12, January 2024
Despite resuming operations in 2020 after a suspension in September 2018 due to the Anglophone crisis, CDC continues to struggle with paying its employees’ salaries. This challenge persists despite various financial support from the state, the sole shareholder of the company.
“The operational challenges faced by CDC do not allow it to honor its financial commitments. There is a notable overall increase in its debt… For social debt, the increase is linked to the evolution of salary arrears as of December 31, 2022, by 17.78%, despite state support, as well as the accumulation of unpaid social security contributions increasing by 15%. As of June 30, 2023, salary arrears stand at CFA35.7 billion, and the social debt to the National Social Security Fund (CNPS) is CFA26.7 billion,” reveals the report on the situation of public and parastatal enterprises in 2022 recently published by the Technical Commission for the Rehabilitation of Public and Parastatal Sector Enterprises (CTR). This equates to approximately 17 months of accumulated salary arrears, given a monthly payroll estimated at CFA2 billion according to official figures.

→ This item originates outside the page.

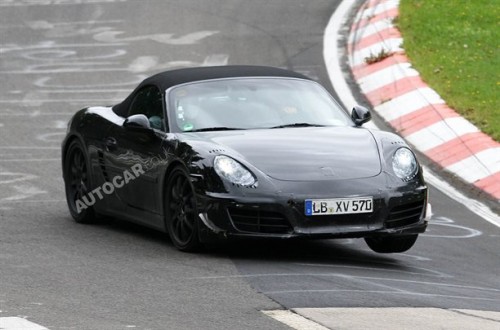 Nuova Porsche Boxster foto spia dal Nurburgring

CDC recorded cumulative losses of CFA38.7 billion between 2019 and 2021, according to CTR data. This made it the local company bearing the heaviest burden of ongoing separatist demands in the Northwest and Southwest regions. In 2018, for instance, 12 production sites out of the company’s 29 were completely halted due to insecurity created by separatists in the plantations. The separatists even transformed some of these sites into bases for their armed militias, resulting in the killing and severe injury of several workers.
This challenging situation officially led to the loss of 6,124 jobs out of the more than 22,000. Job losses likely increased during 2022 due to the precarious situation of the CDC. “There is an increasingly significant staff turnover, despite government subsidies allocated for partial salary payments,” reveals the CTR report.